Take care of business

- Star Parker Star Parker is president of the Center for Urban Renewal and Education.

Universiti­es are not alone among our institutio­ns that have lost their way. How about America’s corporatio­ns, which now seem to think social justice is their job, beside efficientl­y delivering goods and services to the American public?

In a recent panel discussion at the Bipartisan Policy Institute, Jamie Dimon, chairman and CEO of JPMorgan, the nation’s largest bank, rang the alarm about the nation’s debt.

He noted what is already widely known: Federal debt now equals 100 percent of GDP, on its way to 130 percent of GDP by 2035.

We’re headed for a cliff at “60 miles an hour,” said Dimon. But this is not new.

In 2018, an opinion piece in The Washington Post authored by four distinguis­hed economists from the Hoover Institutio­n—Michael Boskin, John Cochrane, John Cogan and John B. Taylor—along with former Secretary of State and Secretary of the Treasury George Shultz, announced, “A debt crisis is on the horizon.”

They pointed to the enormous burden and risk to our budget of the then debt burden, which stood at $15 trillion, 76 percent of GDP. Now we’re at $34 trillion and 100 percent of GDP.

At the end of 2008, debt stood at 43 percent of GDP.

It is good that the chairman of the largest bank in the country is waking up.
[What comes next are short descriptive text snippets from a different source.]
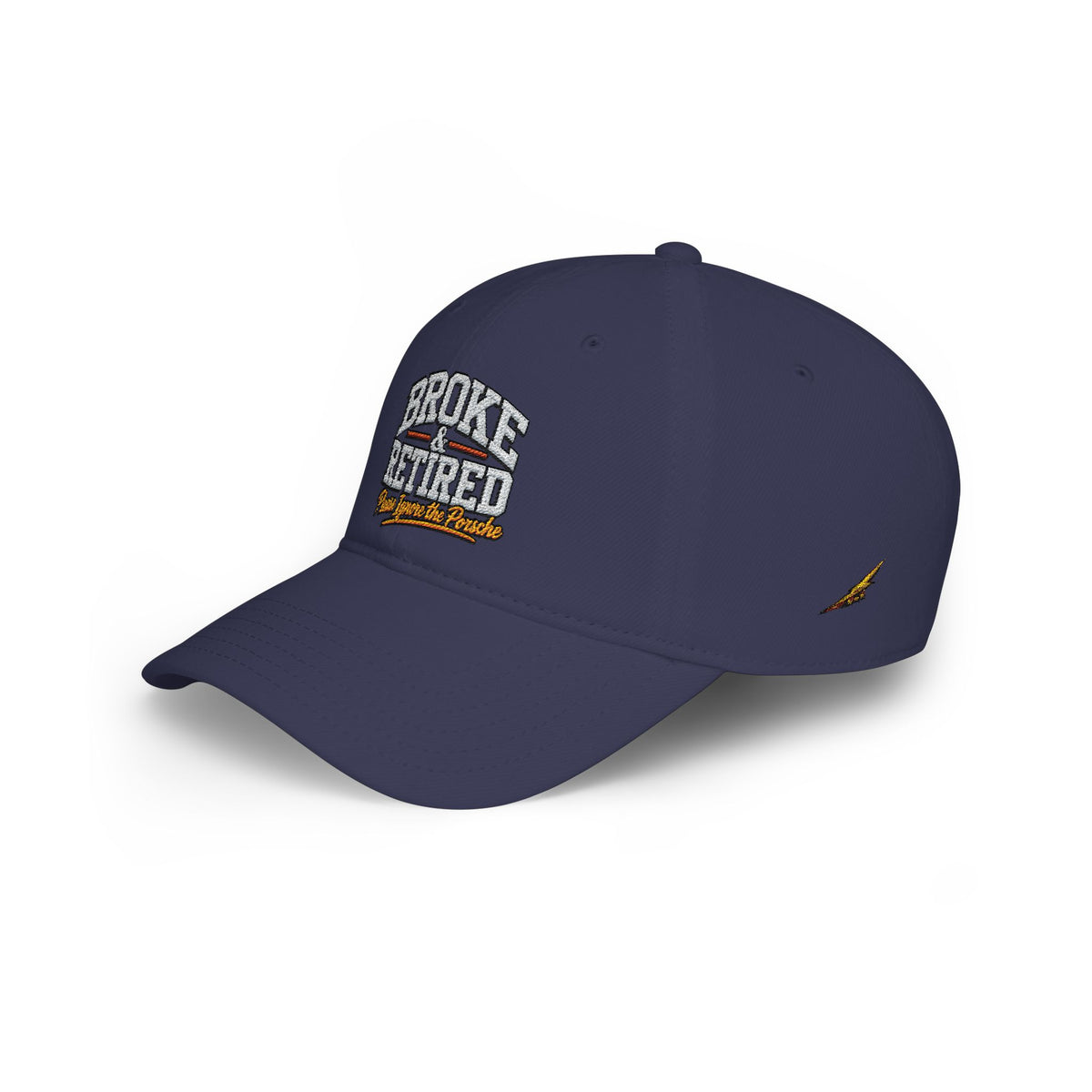 Broke & Retired Low Profile Baseball Cap – Funny Retirement Hat with American Flag Accent
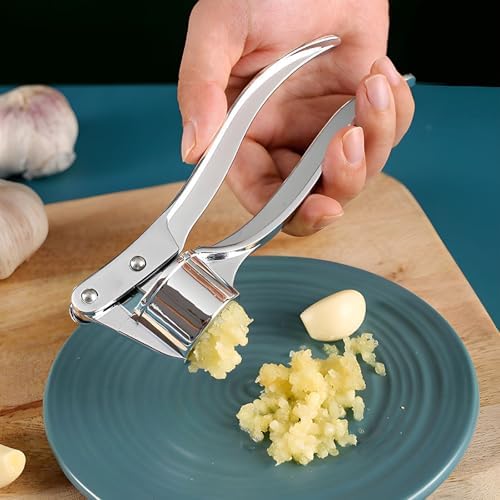 Manual Garlic Press Kitchen Large Garlic Peeler Garlic Muddler Household Garlic Pounder Garlic Press Garlic Peeler for Fine and Coarse Mince Garlic Press,Garlic Mincer, Garlic Crusher (B)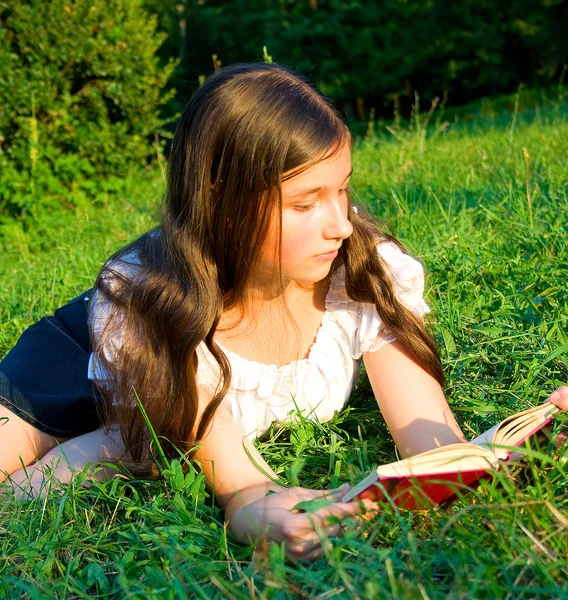 Κορίτσι που διαβάζει το βιβλίο — Φωτογραφία Αρχείου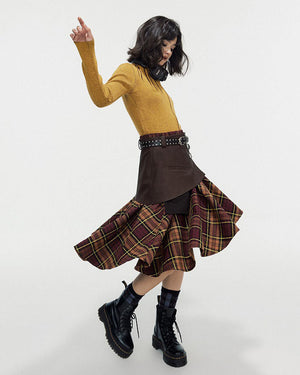 VILZSTUDIOS Edgy asymmetrical plaid skirt from VILZSTUDIOS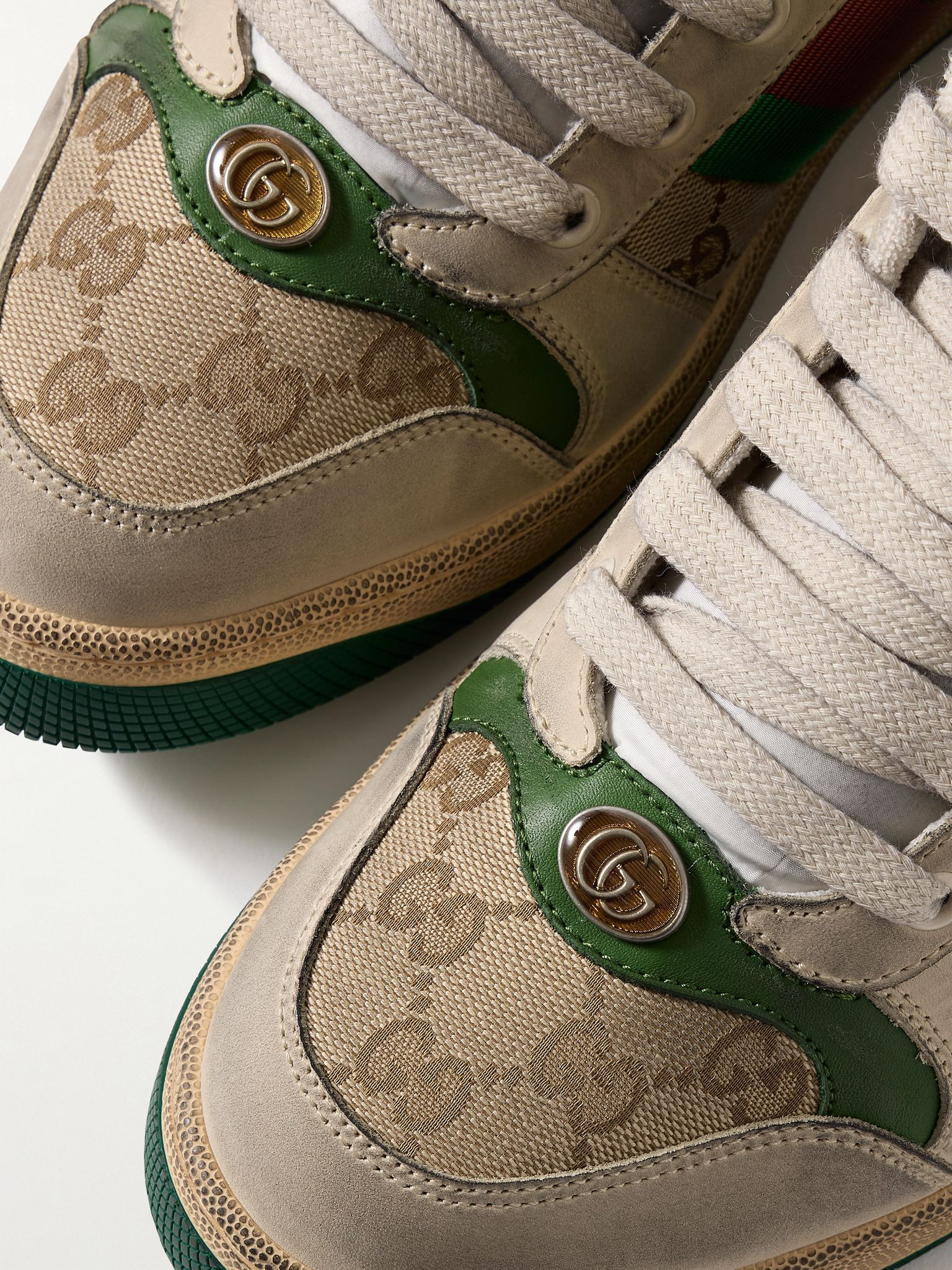 Screener Monogrammed Canvas and Webbing-Trimmed Distressed Leather Sneakers Off-white - 6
But where has he been?

Per OpenSecret­s, which tracks and reports political spending, in the most recent political cycle of 2023/2024, 65 percent of JPMorgan’s political contributi­ons went to Democrats; their contributi­ons to “liberal groups” were greater than contributi­ons to “conservati­ve groups” by a margin of 10 to 1.

The Business Roundtable is a Washington, D.C.-based associatio­n of “more than 200 chief executive officers of America’s leading companies … that support one in four American jobs and almost a quarter of U.S. GDP.” In 2019, Jamie Dimon served as their chairman. Under his leadership, they made a significan­t change.
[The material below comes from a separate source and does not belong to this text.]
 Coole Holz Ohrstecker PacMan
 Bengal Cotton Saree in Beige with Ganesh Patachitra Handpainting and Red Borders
It has always been understood that the responsibi­lity of any corporatio­n is to serve the interests of its shareholde­rs—the owners of the company.

Economist Milton Friedman wrote in his famous book “Capitalism and Freedom,” first published in 1962, that corporatio­ns have one responsibi­lity: Maximize profitabil­ity for shareholde­rs.
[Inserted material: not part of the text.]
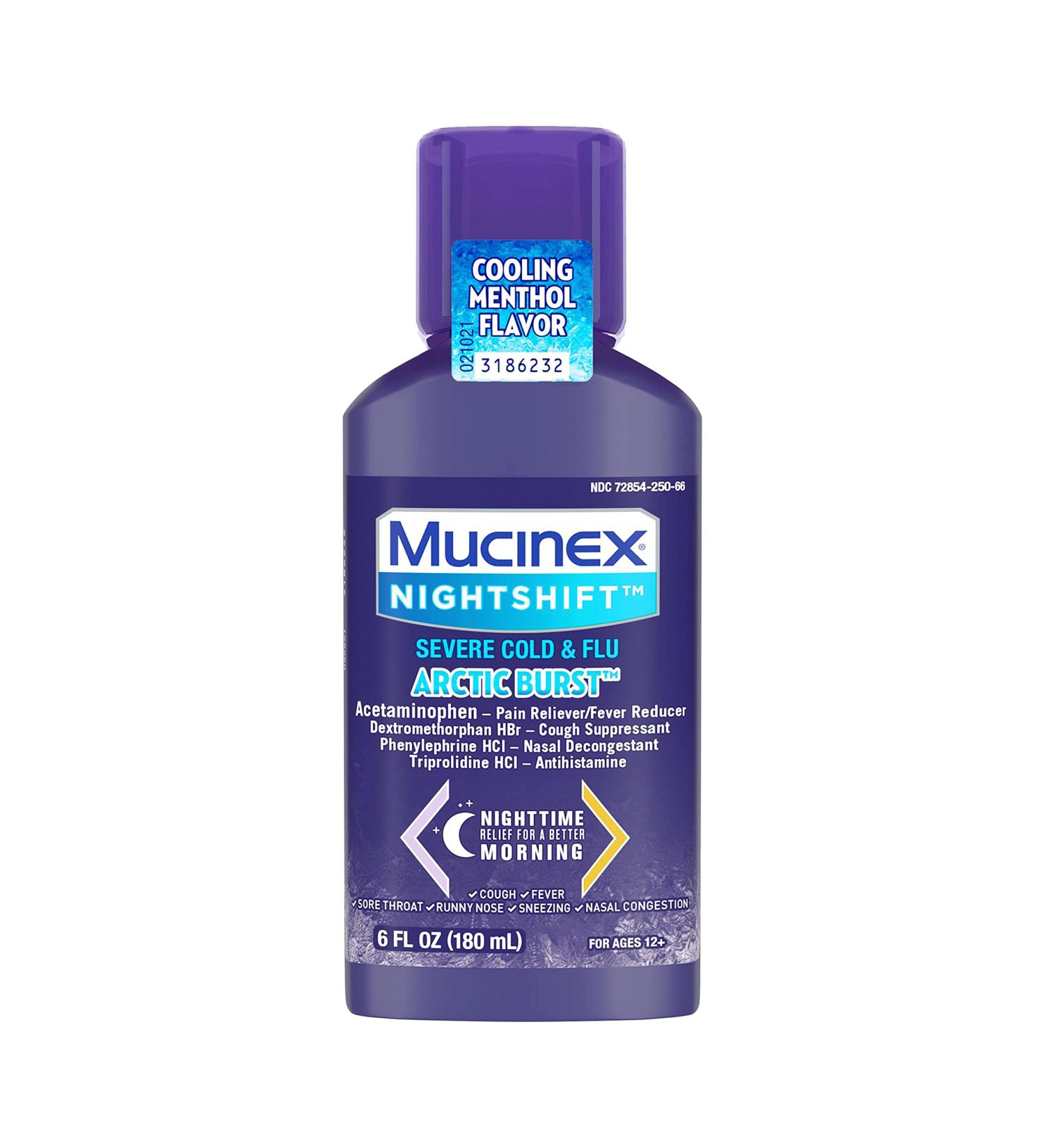 Mucinex Nightshift Cold & Flu Clear & Cool Liquid 6 fl. oz. - Relieves Cold & Flu Symptoms with Menthol - Fever, Sneezing, Sore Throat, Runny Nose, Nasal Congestion & Cough Control - Buy Online on GoSupps.com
“Few trends could so thoroughly undermine the very foundation­s of our free society as the acceptance by corporate officials of a social responsibi­lity other than to make as much money for their stockholde­rs as possible,” wrote Friedman.

But in 2019, the Business Roundtable did exactly this. It announced that it was abandoning primacy of serving shareholde­rs as the core corporate responsibi­lity, and that shareholde­rs would now be viewed as just one group of “stakeholde­rs,” alongside “customers, employees, suppliers” and “communitie­s.”

What happened to private property? Corporate CEOs work for the owners, the shareholde­rs.

Private property is what sets a free society apart from socialism.

Dimon noted, “The American dream is alive but fraying. … These modernized principles reflect the business community’s unwavering commitment to continue to push for an economy that serves all Americans.”

If the American dream is fraying, it is because of departure from the principles that define a free society, upon which our great country emerged. Economic freedom, private property, personal responsibi­lity and creativity are the source of our success, not of our failures.

Blurring the lines between the private and the public, no one knows what their job is—government, corporatio­ns, universiti­es. Government has exploded by trying to do what individual­s should be doing for themselves.

The result of all the efficienci­es is slowdown of growth. The victims are the poor, not high-earning CEOS.

As our country sinks under a tsunami of spending and debt, hopefully the CEO of the nation’s largest bank, and CEOs of all our corporatio­ns, will wake up that loss of freedom, not too much freedom, is what is hurting our nation.